In Graeco-Roman or Galenic medicine (the basis of western traditions and the forerunner to Islamic medicine) the spleen also holds the Earth element in the body, it is associated with autumn, cold and dry weather, and is the receptacle of black bile from the liver. In Greek black bile translates as melan cholia and so the spleen is also the seat of depression.

And yet in modern medicine the spleen has a supportive role, in processing red and white blood cells. It sits quietly in the back of the upper left abdomen, dark red in colour, about the size of a cricket ball or baseball. If it is damaged it may be removed to avoid internal haemorrhaging, and people can survive well without it. How could our forebears have such a different view of it?

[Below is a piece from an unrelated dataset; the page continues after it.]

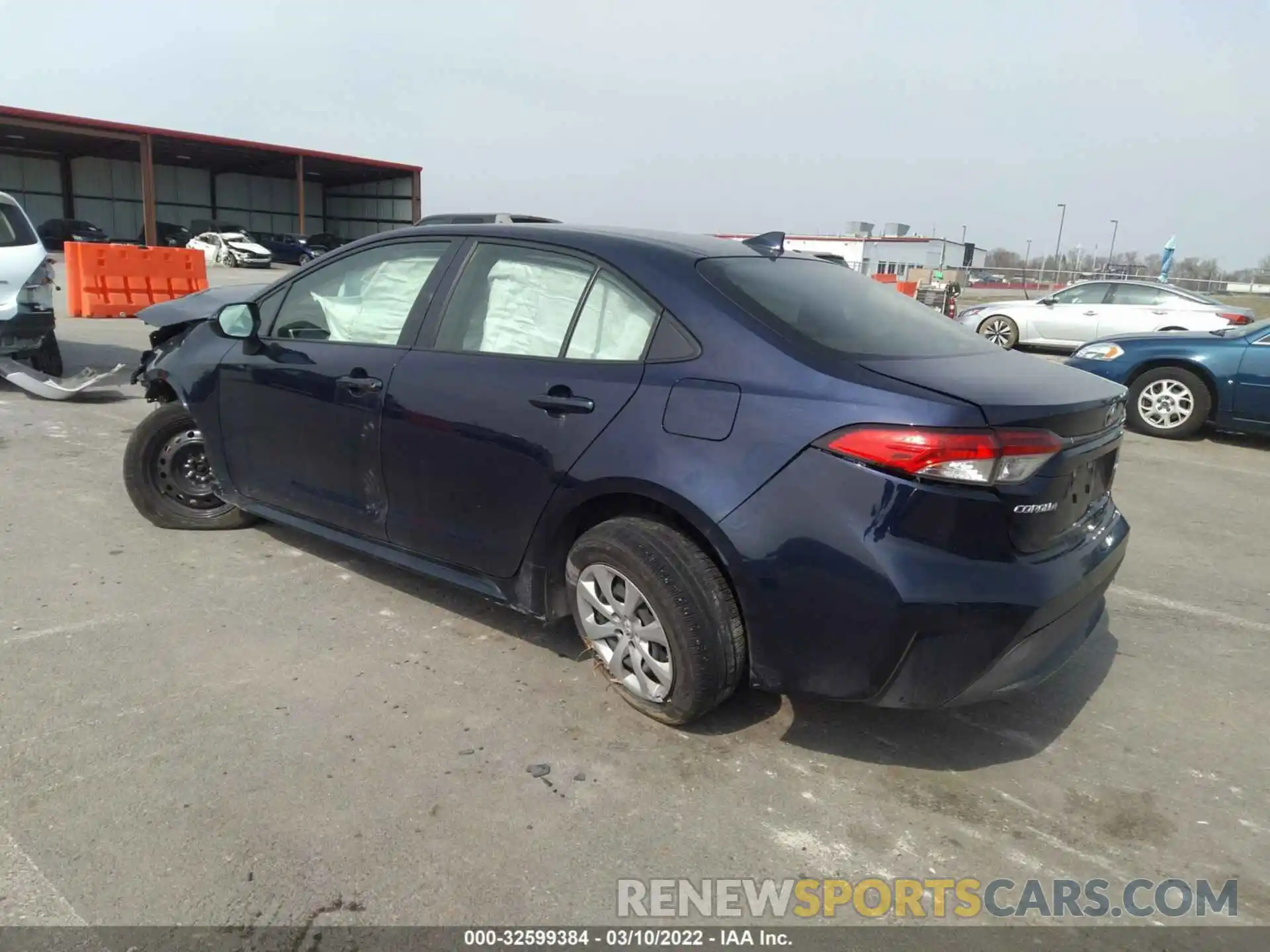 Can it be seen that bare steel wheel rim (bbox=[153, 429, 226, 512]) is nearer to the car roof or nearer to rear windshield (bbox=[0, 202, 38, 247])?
the car roof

One clue lies in the early years of medical training. We learnt that we could not palpate the healthy spleen (ie. locate it by pressing with our hands over the abdomen). With a firm shove under the left side we might sometimes feel it bumping against the other hand – but we were not sure if we were imagining it. However we also learnt that in liver disease (hepatitis or cirrhosis) the spleen does become palpable. Why? The reason is that the spleen, like the digestive tract, is on the portal circulation: its blood drains into the liver for first-pass processing. If the liver is damaged the portal circulation backs up. In extreme cases there is a particular type of oedema (ascites) where the abdomen bloats with fluid. However an earlier sign often is an enlarged spleen that is palpable from the front.

Early physicians must have noticed this: the spleen ‘emerging’, and then associated that with what we now call the liver. These were canny observations, but without modern investigative techniques led to different interpretations.